Newly planted oil palm trees on a plantation in northern Colombia. Paul Furumo |
Knowing the steps is not the same thing as knowing how to dance. Similarly, policy interventions to stop deforestation are most effective when enacted in a certain order, according to a new Stanford study.
The first-of-its-kind analysis, published in Global Sustainability, provides a blueprint for public and private interventions that could help empower countries around the world to reverse the destruction of a precious global resource.
“Stopping deforestation is a classic collective action problem,” said study lead author Paul Furumo, a postdoctoral research fellow in Earth system science at Stanford’s School of Earth, Energy & Environmental Sciences (Stanford Earth). “While it is encouraging to see new public and private actors making commitments, we need to accelerate progress.”

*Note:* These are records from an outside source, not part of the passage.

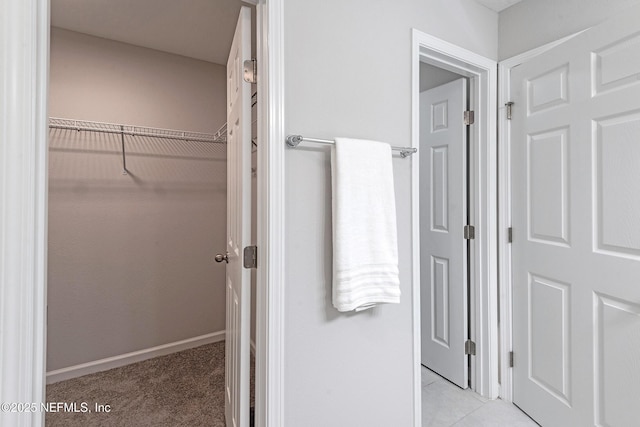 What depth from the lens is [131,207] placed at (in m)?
2.37

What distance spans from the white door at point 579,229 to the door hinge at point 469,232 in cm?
22

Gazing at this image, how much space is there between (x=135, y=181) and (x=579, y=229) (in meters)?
2.86

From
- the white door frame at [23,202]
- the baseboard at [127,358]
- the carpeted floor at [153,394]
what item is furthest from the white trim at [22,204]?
the baseboard at [127,358]

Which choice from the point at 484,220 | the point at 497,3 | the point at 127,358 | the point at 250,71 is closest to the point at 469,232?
the point at 484,220

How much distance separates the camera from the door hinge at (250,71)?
1.25m

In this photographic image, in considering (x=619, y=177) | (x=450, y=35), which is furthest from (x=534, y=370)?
(x=450, y=35)

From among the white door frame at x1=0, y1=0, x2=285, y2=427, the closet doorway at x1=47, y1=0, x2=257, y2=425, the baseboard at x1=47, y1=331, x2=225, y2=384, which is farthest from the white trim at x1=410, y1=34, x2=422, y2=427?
the baseboard at x1=47, y1=331, x2=225, y2=384

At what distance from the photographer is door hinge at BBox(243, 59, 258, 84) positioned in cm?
125

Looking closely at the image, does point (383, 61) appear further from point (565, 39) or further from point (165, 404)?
point (165, 404)

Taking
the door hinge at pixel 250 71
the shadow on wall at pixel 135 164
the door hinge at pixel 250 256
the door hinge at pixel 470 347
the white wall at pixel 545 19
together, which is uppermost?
→ the white wall at pixel 545 19

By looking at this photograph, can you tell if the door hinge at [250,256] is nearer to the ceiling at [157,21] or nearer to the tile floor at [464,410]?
the tile floor at [464,410]

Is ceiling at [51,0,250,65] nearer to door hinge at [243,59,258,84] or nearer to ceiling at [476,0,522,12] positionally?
door hinge at [243,59,258,84]

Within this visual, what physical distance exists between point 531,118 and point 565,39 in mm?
410

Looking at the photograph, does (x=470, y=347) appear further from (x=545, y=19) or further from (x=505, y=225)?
(x=545, y=19) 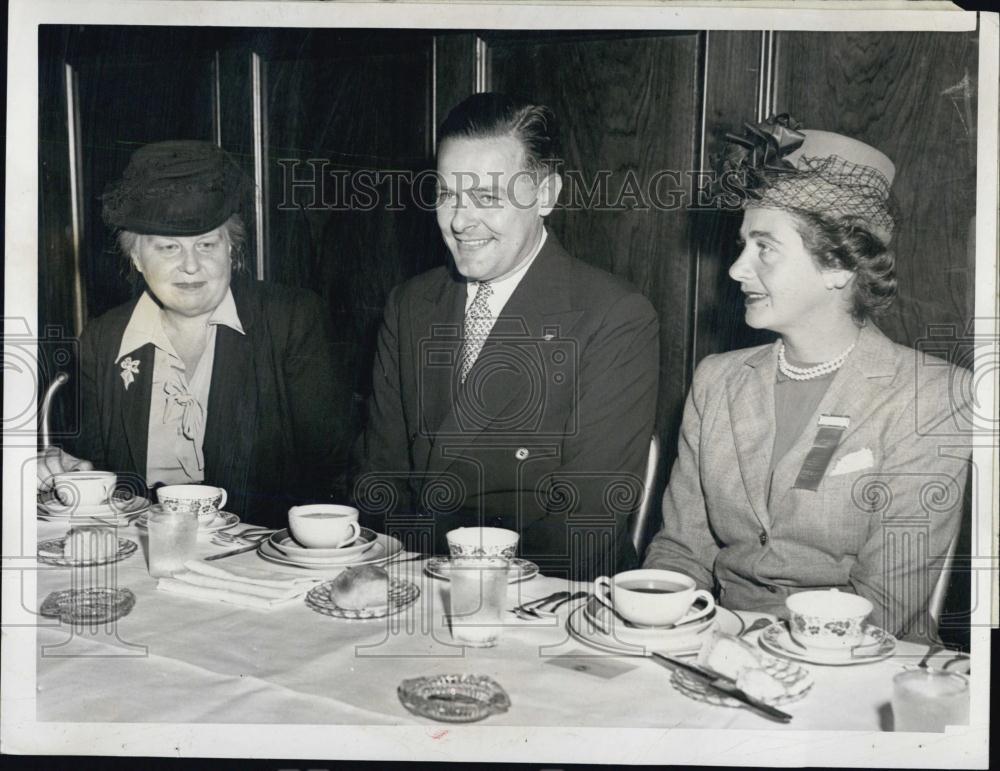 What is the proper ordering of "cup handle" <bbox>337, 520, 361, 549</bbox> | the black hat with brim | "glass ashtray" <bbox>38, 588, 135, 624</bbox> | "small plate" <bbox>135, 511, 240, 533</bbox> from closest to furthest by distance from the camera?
"glass ashtray" <bbox>38, 588, 135, 624</bbox> → "cup handle" <bbox>337, 520, 361, 549</bbox> → "small plate" <bbox>135, 511, 240, 533</bbox> → the black hat with brim

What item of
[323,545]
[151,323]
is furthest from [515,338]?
[151,323]

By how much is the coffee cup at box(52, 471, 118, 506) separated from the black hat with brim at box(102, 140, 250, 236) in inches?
17.0

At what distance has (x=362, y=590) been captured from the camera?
1244 mm

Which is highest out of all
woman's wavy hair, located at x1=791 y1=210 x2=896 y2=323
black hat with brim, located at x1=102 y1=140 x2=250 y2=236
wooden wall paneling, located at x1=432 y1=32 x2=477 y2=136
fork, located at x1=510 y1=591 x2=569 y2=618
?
wooden wall paneling, located at x1=432 y1=32 x2=477 y2=136

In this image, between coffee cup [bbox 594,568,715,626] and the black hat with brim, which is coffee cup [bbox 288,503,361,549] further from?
the black hat with brim

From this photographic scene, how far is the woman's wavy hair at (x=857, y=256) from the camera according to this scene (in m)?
1.48

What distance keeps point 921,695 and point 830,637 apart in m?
0.12

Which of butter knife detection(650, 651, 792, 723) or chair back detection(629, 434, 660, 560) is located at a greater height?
chair back detection(629, 434, 660, 560)

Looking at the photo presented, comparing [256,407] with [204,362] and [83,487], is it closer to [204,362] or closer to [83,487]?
[204,362]

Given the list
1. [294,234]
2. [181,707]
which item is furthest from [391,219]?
[181,707]

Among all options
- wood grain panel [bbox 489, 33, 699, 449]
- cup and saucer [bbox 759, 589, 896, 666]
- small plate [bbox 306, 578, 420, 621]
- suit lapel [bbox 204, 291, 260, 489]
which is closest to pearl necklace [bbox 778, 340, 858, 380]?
wood grain panel [bbox 489, 33, 699, 449]

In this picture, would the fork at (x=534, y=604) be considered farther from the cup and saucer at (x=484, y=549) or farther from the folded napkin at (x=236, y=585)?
the folded napkin at (x=236, y=585)

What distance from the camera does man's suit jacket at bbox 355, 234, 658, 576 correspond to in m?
1.57

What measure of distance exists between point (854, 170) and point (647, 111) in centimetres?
34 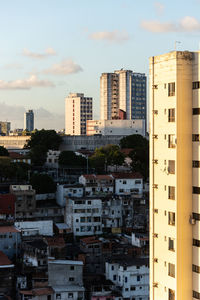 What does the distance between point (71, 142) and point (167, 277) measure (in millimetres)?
70768

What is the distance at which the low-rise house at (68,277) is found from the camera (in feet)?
119

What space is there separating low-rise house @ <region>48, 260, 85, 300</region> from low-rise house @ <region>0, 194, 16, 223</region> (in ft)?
36.6

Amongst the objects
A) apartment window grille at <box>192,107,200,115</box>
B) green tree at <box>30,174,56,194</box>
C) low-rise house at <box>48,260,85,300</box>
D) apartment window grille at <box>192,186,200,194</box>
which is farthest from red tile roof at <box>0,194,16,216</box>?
apartment window grille at <box>192,107,200,115</box>

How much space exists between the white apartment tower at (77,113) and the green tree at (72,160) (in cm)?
6260

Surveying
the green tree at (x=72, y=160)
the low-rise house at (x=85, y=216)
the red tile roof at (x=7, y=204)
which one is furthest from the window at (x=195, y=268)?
the green tree at (x=72, y=160)

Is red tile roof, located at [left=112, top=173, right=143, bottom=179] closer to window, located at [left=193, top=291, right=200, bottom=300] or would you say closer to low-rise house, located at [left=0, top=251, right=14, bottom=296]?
low-rise house, located at [left=0, top=251, right=14, bottom=296]

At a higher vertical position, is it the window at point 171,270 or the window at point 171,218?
the window at point 171,218

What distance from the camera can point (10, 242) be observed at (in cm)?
4288

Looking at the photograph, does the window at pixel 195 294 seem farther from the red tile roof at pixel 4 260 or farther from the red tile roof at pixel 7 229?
the red tile roof at pixel 7 229

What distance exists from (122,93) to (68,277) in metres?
85.0

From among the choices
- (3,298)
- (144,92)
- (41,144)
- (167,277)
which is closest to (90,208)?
(3,298)

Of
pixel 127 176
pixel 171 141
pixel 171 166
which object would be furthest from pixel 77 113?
pixel 171 166

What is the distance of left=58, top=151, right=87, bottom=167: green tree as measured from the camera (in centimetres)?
6669

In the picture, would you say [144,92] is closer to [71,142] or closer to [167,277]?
[71,142]
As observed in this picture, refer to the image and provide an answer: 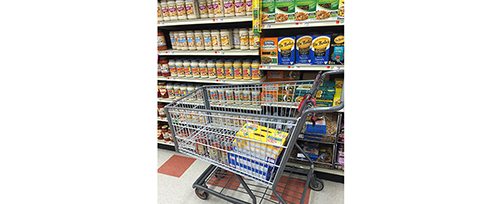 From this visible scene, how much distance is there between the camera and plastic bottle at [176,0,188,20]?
2096mm

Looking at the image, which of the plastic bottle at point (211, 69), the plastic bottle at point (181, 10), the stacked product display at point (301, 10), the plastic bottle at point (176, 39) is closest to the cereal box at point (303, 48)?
the stacked product display at point (301, 10)

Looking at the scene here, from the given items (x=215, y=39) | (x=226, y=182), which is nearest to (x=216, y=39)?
(x=215, y=39)

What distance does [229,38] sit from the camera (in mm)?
2062

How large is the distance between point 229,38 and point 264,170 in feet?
3.89

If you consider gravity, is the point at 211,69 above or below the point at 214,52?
below

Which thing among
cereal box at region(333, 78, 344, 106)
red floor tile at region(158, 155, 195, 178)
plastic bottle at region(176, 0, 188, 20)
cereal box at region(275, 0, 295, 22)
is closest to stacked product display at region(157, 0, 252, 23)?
plastic bottle at region(176, 0, 188, 20)

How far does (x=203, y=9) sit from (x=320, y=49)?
42.6 inches

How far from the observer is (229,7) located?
75.6 inches

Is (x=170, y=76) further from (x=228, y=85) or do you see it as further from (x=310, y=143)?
(x=310, y=143)

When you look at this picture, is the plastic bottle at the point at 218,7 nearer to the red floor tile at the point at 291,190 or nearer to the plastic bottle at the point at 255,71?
the plastic bottle at the point at 255,71

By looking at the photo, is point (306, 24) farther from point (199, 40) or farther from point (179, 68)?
point (179, 68)

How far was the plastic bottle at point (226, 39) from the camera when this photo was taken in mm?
2047

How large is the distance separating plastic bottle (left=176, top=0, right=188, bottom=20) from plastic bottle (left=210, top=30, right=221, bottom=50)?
311 mm

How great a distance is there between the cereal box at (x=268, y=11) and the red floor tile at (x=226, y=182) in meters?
1.46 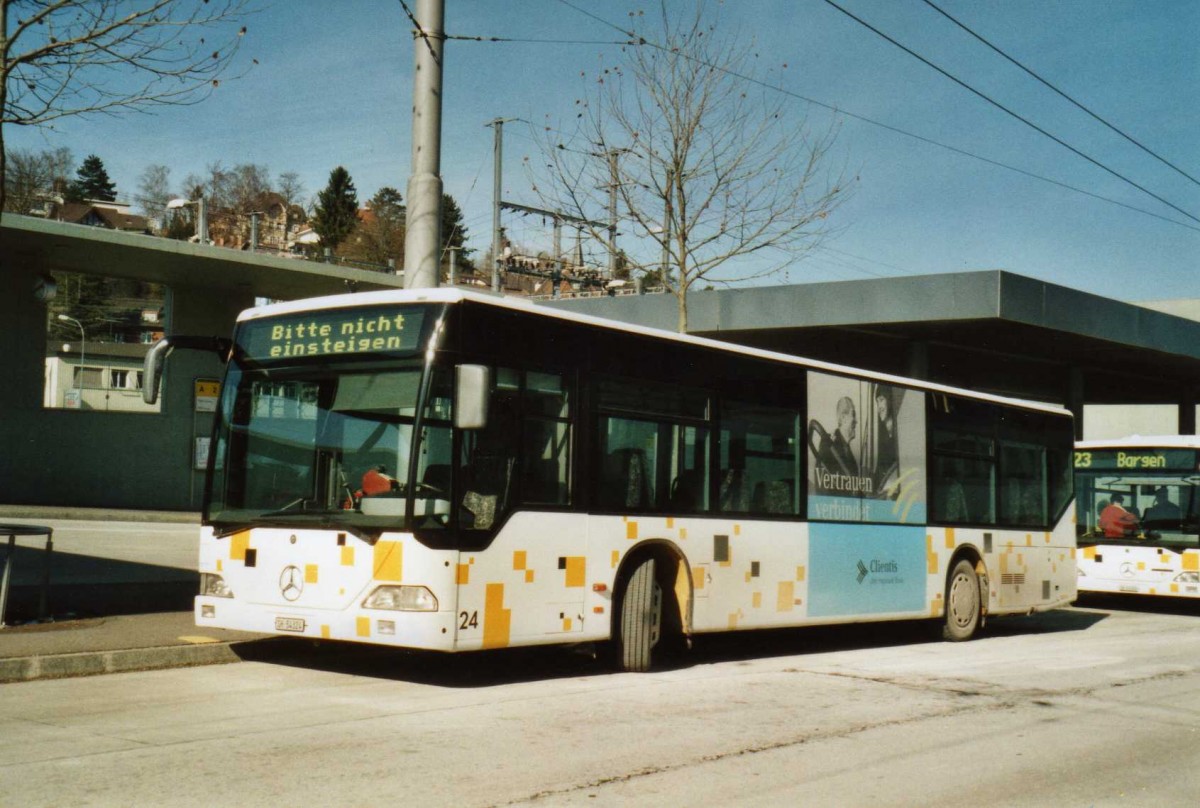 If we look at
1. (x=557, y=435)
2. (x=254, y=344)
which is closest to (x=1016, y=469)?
(x=557, y=435)

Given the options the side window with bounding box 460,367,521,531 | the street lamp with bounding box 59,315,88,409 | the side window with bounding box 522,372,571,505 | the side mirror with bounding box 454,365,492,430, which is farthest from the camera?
the street lamp with bounding box 59,315,88,409

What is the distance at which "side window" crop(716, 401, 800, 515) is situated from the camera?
11.8 metres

Despite a slew of corporate commitments, national laws and international financial support aimed at slowing deforestation, the opposite has occurred. Forest loss over the past decade was greater than the previous decade, and the Amazon rainforest has seen a record level of destruction this past year.
“Deforestation is a wicked problem that eludes easy solutions,” said study coauthor Eric Lambin, a professor of Earth system science in Stanford Earth. “Targets, strategies and progress depend on a wide range of variables, such as geographic context, and stakeholders with diverse motivations, land uses and values. This has led to a messy mix of strategies that may be redundant or outright antagonistic.”